Nach Injektion der "Inception Attack" aktiviert sich der Angriff, sobald ahnungslose Benutzer eine Anwendung beenden und zum Startbildschirm zurückkehren. Der Angriff erfasst auch den Bildinhalt und die Mikrofonaufzeichnung des Benutzers, die per Livestream an den Angreifer zurückgesendet werden können. Auf diese Weise konnten die Forscher sehen, wann ein Benutzer seine Anmeldedaten für eine Online-Banking-Website eingegeben hat.

Dann konnten sie den Bildschirm des Benutzers sogar so manipulieren, dass ein falscher Kontostand angezeigt wurde. Als der Benutzer versuchte, jemandem über das Headset einen US-Dollar zu überweisen, konnten die Forscher den überwiesenen Betrag auf fünf Dollar hochsetzen, ohne dass der Benutzer dies bemerkte. Das liegt daran, dass der Angreifer sowohl das, was der Benutzer im System sieht, als auch das, was das Gerät ins Internet sendet, kontrollieren kann.

Das Online-Banking-Beispiel ist besonders frappierend, meint Jiasi Chen, außerordentliche Professorin für Informatik an der University of Michigan, die im Bereich VR forscht. Der Angriff könne wahrscheinlich auch mit anderen bösartigen Taktiken kombiniert werden, z. B. indem man Menschen dazu verleitet, auf verdächtige Links zu klicken. Hinzu kommen Manipulationen sozialer Interaktionen: Die Sicherheitsforscher klonten auch die VRChat-App von Meta Quest, die es Nutzern ermöglicht, über ihre Avatare miteinander zu kommunizieren. Sie waren dann in der Lage, die Nachrichten der Nutzer abzufangen und nach Belieben zu verändern oder zu antworten.

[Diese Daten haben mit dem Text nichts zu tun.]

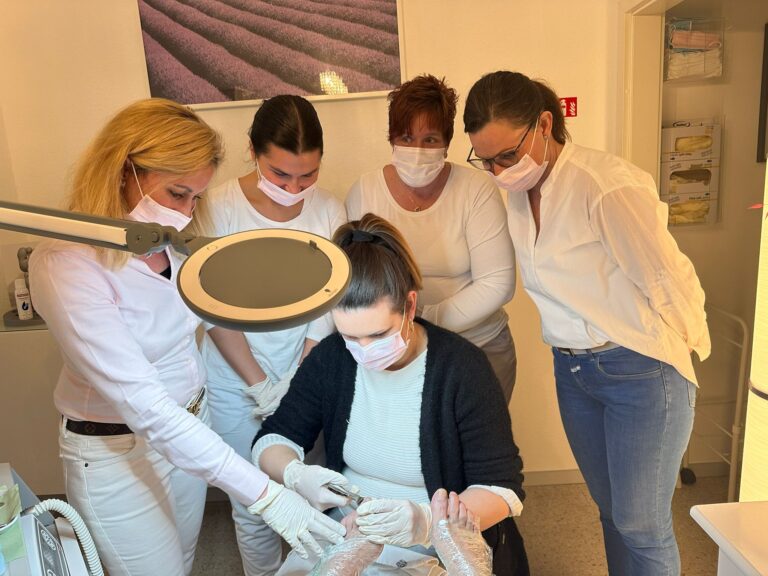 Fachfusspflege Schule bei der ARbeit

Generative KI könnte diese Bedrohung noch verschlimmern. Denn sie ermöglicht mittlerweile jedem, die Stimmen von Menschen zu klonen und visuelle Fakes zu erzeugen, die dann von böswilligen Akteuren genutzt werden könnten, um Menschen bei ihren VR-Interaktionen zu betrügen. Um zu testen, wie leicht Menschen durch die "Inception-Attack" getäuscht werden können, rekrutierte Zhengs Team auch 27 Freiwillige, allesamt VR-Nutzer mit langer Erfahrung.

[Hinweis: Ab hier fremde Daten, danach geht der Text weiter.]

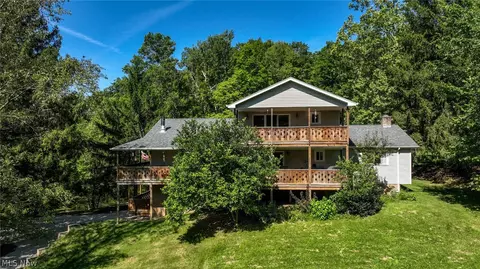 1720 Hinckley Hills Rd, Hinckley, OH 44233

Die Teilnehmer wurden gebeten, Anwendungen wie das VR-Spiel "Beat Saber" zu erkunden, bei dem die Spieler Lichtschwerter steuern und versuchen, auf sie zufliegende Musikbeats zu zerstören. Ihnen wurde gesagt, dass die Studie darauf abzielt, ihre Erfahrungen mit VR-Anwendungen zu untersuchen. Ohne ihr Wissen starteten die Forscher den Angriff auf die Headsets der Freiwilligen.

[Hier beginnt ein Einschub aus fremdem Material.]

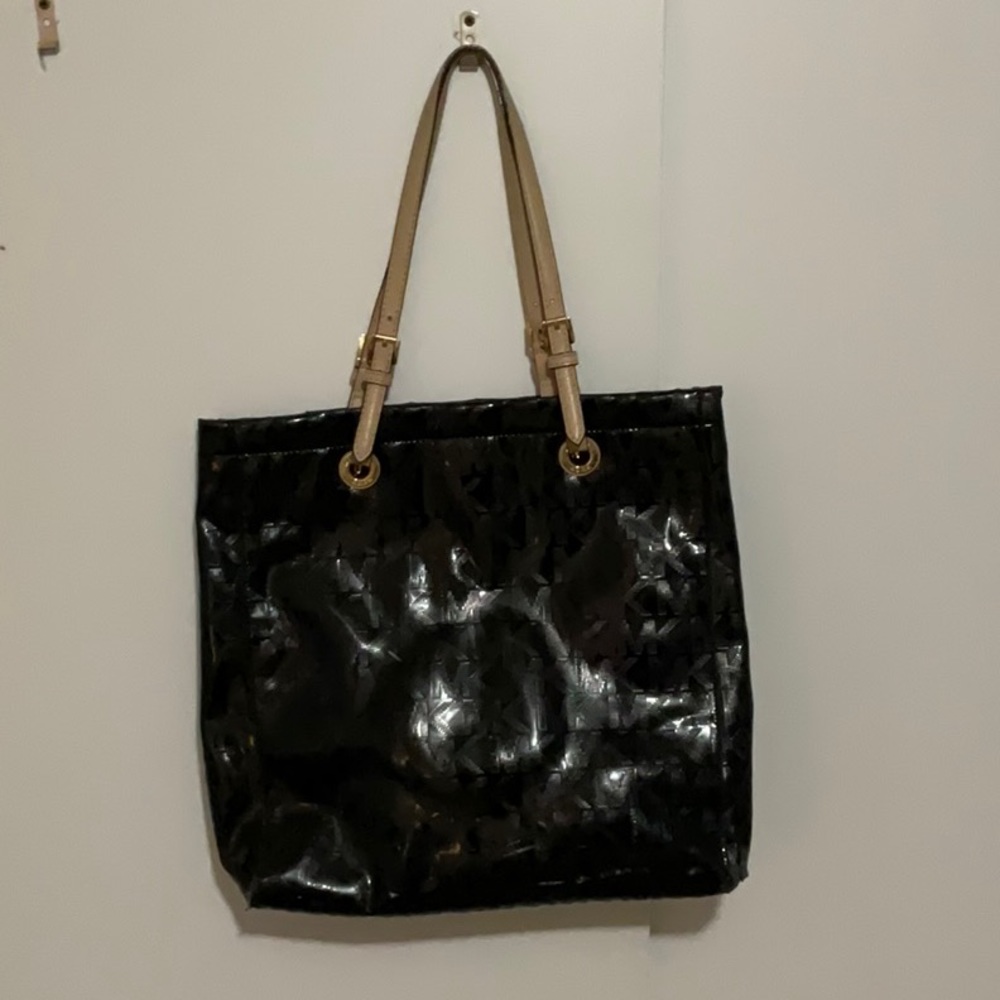 Michael Kors patent leather tote bag and matching wallet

Die überwiegende Mehrheit der Teilnehmer schöpfte keinen Verdacht. Von 27 Personen bemerkten nur 10 eine kleine "Störung", als der Angriff begann, aber die meisten von ihnen taten es als normale Verzögerung im Netz ab. Nur eine einzige Person meldete eine wie auch immer geartete verdächtige Aktivität.

Es zeigt sich ein Grundproblem: Wenn man in die virtuelle Realität eintritt, gibt es keine Möglichkeit, das Gesehene zu authentifizieren. Die Immersivität der Technologie führe dazu, dass die Menschen ihr mehr vertrauen, sagt Zheng. Dadurch könnten solche Angriffe besonders wirkungsvoll sein, meint auch Franzi Roesner, außerordentliche Professorin für Informatik an der University of Washington, die sich mit den Themen Sicherheit und Datenschutz im Netz beschäftigt.

Die beste Verteidigung, so fand Zhengs Team heraus, ist bislang nur die Wiederherstellung der Werkseinstellungen des Headsets, um die Angreifer App zu entfernen. Die "Inception-Attack" biete Angreifern viele verschiedene Möglichkeiten, in Quest-VR-System einzudringen und Menschen zu hintergehen, meint auch Ben Zhao, Professor für Informatik an der University of Chicago, der Teil des Forschungsteams war. Immerhin: Noch ist die Verbreitung der Technik relativ begrenzt. "Entsprechend bleibt noch Zeit, robustere Schutzmaßnahmen zu entwickeln", so Zhao.